Goathland


Goathland is a village and civil parish in the Scarborough district of North Yorkshire, England. Historically part of the North Riding of Yorkshire, it is in the North York Moors national park due north of Pickering, off the A169 to Whitby. It has a station on the steam-operated North Yorkshire Moors Railway line.
According to the 2011 UK census, Goathland parish had a population of 438, an increase on the 2001 UK census figure of 407.
Goathland village is 500 feet above sea level and has a history extending from Viking times. The name Goathland is probably a corruption of 'good land'. Alternatively, it may come from 'Goda's land', Goda being an Old English personal name. In 1109, King Henry I granted land to Osmund the Priest and the brethren of the hermitage of Goathland, then called Godelandia, for the soul of his mother Queen Matilda, who had died in 1083. This is recorded in a charter held at Whitby Abbey. The village was a spa town in the 19th century.
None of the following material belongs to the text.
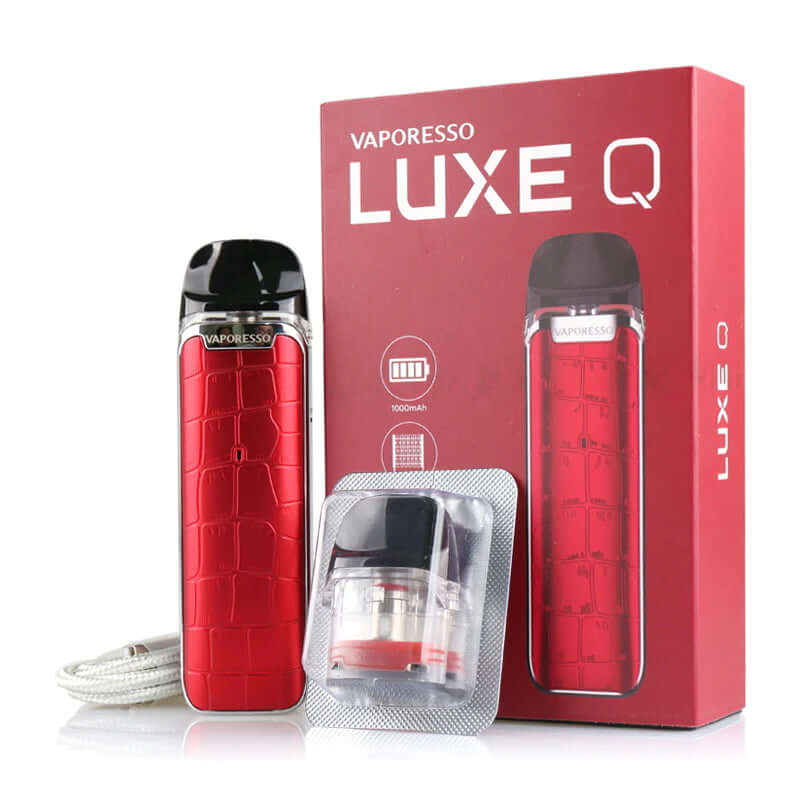 Vaporesso Luxe Q Pod System Kit red color with box and pod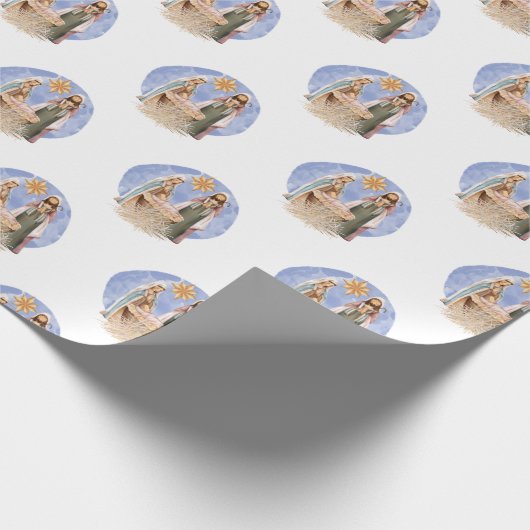 Krippenlandschaft Mary Joseph Jesus Pattern Weihna Geschenkpapier (Ecke)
There are many hotels and guest houses in the village. The largest, the Mallyan Spout Hotel, is named after a nearby waterfall. There is a caravan site, reached by driving along the track which is the site of the older railway route, 1835 to 1860.
Much of the surrounding land is owned by the Duchy of Lancaster. The Duchy's tenants have a common right extending for hundreds of years to graze their black faced sheep on the village green and surrounding moorland.

''Heartbeat'' connection

The village was the setting of the fictional village of Aidensfield in the Heartbeat television series set in the 1960s. Many landmarks from the series are recognisable, including the stores, garage/funeral directors, the public house and the railway station. The pub is called the Goathland Hotel, but in the series is the Aidensfield Arms. After filming interior shots in the hotel for some years, a replica of it was built in Yorkshire TV's Leeds studio.

North Yorkshire Moors Railway

is on the North Yorkshire Moors Railway. The railway is run by a charitable trust with some paid staff but is mostly operated by volunteers, running nearly all the year including Christmas. It carries more than 250,000 passengers a year and is the second-longest preserved line in Britain. It links Grosmont in the north with Pickering in the south, along the route of the Whitby - Pickering line built by George Stephenson in 1835 and upgraded in 1865. From 2007 some trains on the railway were timetabled to run to Whitby and in March 2014 work began in Whitby station to replace a platform and allow more North Yorkshire Moors Railway services to be timetabled Whitby - Pickering.
Goathland railway station was used as the location for Hogsmeade railway station in the Harry Potter films, and the line filmed for Harry's journey.

Appearance in literature

As well as serving as the location for the fictional village of Aidensfield, Goathland features in its own right as an important setting in Dan Chapman's 2014 dystopian, futuristic novel Closed Circuit. Forming a setting for the denouement of the novel, it is explained that the antagonist owns the entire village, and the nearby MoD site serves as a base for his operations. Goathland also features in "Ice", a novel by Australian writer Louis Nowra.